At first glance, the new Google Pixel Tablet is just an 11-inch slate powered by Android and Google’s AI-centric Tensor G2 chipset. And that certainly is the case, but it doesn’t take long to realize that Google is trying to market the Pixel Tablet as more than that. Thanks to its included charging dock, it’s a dual-purpose device that can act as a smart home display and hub. And in Google’s view, this is the way to fix Android tablets.
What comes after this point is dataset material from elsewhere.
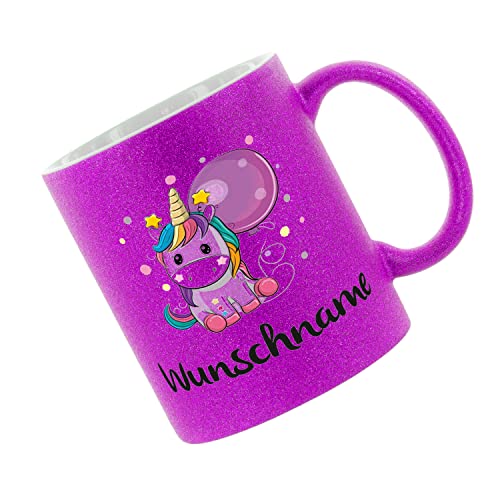 Crealuxe Glitzertasse Purple 'Einhorntasse (Wunschname)' personalisiert, Kaffeetasse, Bürotasse von Crealuxe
Google seems to really want to push this dual-purpose idea, and to this end, the company includes the charging dock – which has a built-in speaker – alongside its tablet for $499, which sounds like a fair deal. Google presents this dual-purpose Android tablet idea as the expected default way to experience the Pixel Tablet. There’s no wall charger in the box, but the tablet ships with a whole speaker stand. It’s a clever idea from which Samsung might be able to learn some things.
Samsung, where’s our complementary Galaxy Tab keyboard attachment?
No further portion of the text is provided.